There are 3 main legislations in India, under which one can adopt children in India.
1. For Hindus / Buddhists / Jains / Sikhs
Under the Hindu Adoption and Maintenance Act, 1956 (HAMA), only direct and private adoption is allowed and hence, the child to be adopted needs to be actually given and taken in adoption by the concerned parents.
a. Who can / cannot adopt?
- Only Hindus, Buddhists, Jains and Sikhs can adopt under this Act. The child, the giver, and the taker have to be Hindus (or Buddhists, or Jains, or Sikhs)
- A male individual who is above the age of 18 and of sound mind can adopt and if he is married, after taking consent of his wife.
- Single female above the age of 18 and of sound mind, who is either unmarried, divorced or a widow can adopt.
b. Who can be adopted?
- The child to be adopted must be below 15 years of age.
- He/ she has to be a Hindu.
- He/she has not been married.
- He/ she has not already been adopted.
c. Other mandatory conditions to be fulfilled:
- A person already having a male child cannot adopt a male child.
- A person already having a female child cannot adopt a female child.
- The age difference between the adoptive father and the adoptive female child should be at least 21 years.
- The age difference between the adoptive mother and the adoptive male child should be at least 21 years.
- The same child cannot be adopted by two or more persons, simultaneously.
- No person should receive or give payment in consideration of the adoption.
d. When is the Court’s Permission required?
- When both mother and father are dead, or
- When the mother and father have renounced the world, or
- When the mother and father have abandoned the child, or
- When both the father and the mother have been declared by the Court to be of unsound mind, or
- Where the parentage of the child is unknown.

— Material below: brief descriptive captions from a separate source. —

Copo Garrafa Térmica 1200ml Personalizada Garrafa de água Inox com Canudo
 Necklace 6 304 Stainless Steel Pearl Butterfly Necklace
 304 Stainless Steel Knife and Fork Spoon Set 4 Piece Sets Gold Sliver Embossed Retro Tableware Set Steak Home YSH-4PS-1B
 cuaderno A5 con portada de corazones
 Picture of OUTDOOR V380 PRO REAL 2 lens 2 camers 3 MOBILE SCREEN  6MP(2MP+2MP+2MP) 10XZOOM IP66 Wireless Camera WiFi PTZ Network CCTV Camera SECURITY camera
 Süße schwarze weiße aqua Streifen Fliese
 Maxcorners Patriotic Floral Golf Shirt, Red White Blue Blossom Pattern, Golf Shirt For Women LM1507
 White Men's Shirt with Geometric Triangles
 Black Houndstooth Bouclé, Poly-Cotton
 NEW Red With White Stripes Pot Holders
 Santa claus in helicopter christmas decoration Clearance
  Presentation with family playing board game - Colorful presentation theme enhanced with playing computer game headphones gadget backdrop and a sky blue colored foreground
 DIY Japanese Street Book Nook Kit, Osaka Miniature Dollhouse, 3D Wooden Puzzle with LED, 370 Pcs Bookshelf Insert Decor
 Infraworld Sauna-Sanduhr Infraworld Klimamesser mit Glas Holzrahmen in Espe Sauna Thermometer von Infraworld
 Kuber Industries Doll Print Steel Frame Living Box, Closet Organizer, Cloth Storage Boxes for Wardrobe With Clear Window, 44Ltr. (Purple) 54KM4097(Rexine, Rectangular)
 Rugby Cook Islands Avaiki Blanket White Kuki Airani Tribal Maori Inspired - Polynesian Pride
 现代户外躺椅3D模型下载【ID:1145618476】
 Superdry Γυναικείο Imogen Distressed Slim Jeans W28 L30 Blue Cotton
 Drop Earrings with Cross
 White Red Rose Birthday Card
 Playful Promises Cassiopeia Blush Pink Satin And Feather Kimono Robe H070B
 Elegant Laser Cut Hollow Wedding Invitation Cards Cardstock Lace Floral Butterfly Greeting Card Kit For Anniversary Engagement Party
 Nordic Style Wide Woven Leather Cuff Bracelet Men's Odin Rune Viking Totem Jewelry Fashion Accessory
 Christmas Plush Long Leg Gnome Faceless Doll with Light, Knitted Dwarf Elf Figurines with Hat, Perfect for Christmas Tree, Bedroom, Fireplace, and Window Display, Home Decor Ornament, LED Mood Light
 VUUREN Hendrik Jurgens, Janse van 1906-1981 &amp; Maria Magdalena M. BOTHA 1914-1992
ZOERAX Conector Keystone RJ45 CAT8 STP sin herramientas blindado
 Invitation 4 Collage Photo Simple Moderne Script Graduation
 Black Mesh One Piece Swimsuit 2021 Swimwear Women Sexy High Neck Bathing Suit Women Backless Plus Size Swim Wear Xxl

Once the child is adopted, he/she will be deemed to be the child of the adoptive father/mother for all purposes, from the date of the adoption. A valid adoption under this Act, cannot be cancelled later on. A registered deed finalizes the adoption.
2. Secular Law For All Religions
Under the Juvenile Justice Act, 2015 (JJ Act), even non-Hindus can adopt.
a. Who can adopt?
- An Indian, NRI or foreign citizen can adopt a child, following the separate procedures as provided for each
- Any male or female individual regardless of marital status can adopt
- A single male cannot adopt a female child, however, a single female can take a child of any gender.
- Only a couple who has had a stable marital relationship of two years can adopt.
b. Who can be adopted?
- Under this legislation, a couple or a single person can adopt:
- an orphan, or
- a surrendered child, or
- an abandoned child
One can adopt irrespective of religion. Thus, a Muslim, Christian, Parsi, etc. can also adopt under this Act.
c. Other mandatory conditions to be fulfilled
- The prospective parent needs to be physically, mentally and emotionally fit and stable and should be motivated to provide good upbringing to the adopted child.
- They should be financially capable to raise a child
- A couple already having three children will not be considered for adoption, unless in cases of special needs children / relative adoption/adoption by step-parent.
- If a couple is adopting, consent of both the partners is required.
- Eligibility of parents is decided by the age of the adoptive parents on the date of registration. The same has been given as follows:
- When the age of the child is up to 4 years:
- Maximum composite age of PAP(Couple) is 90 years
- Maximum composite age of single PAP is 45 years
- When the age of the child is between 4-8 years:
- Maximum composite age of PAP(Couple) is 100 years
- Maximum composite age of single PAP is 50 years
- When the age of the child is between 8-18 years:
- Maximum composite age of PAP(Couple) is 110 years
- Maximum composite age of single PAP is 55 years
- The minimum age difference between the child and the adoptive parent needs to be at least 25 years. This age criterion is not applicable in cases of relative adoptions and adoptions by step-parent.
3.GUARDIANSHIP – Guardians and Wards Act, 1890 (GAWA)
- Under this, only a Guardian and Ward relationship can be established.
- All legal rights and responsibilities towards each other are relinquished as soon as the child attains majority (18 years of age)
- This Act is not an adoption law per se as it does not establish a parent-child relationship.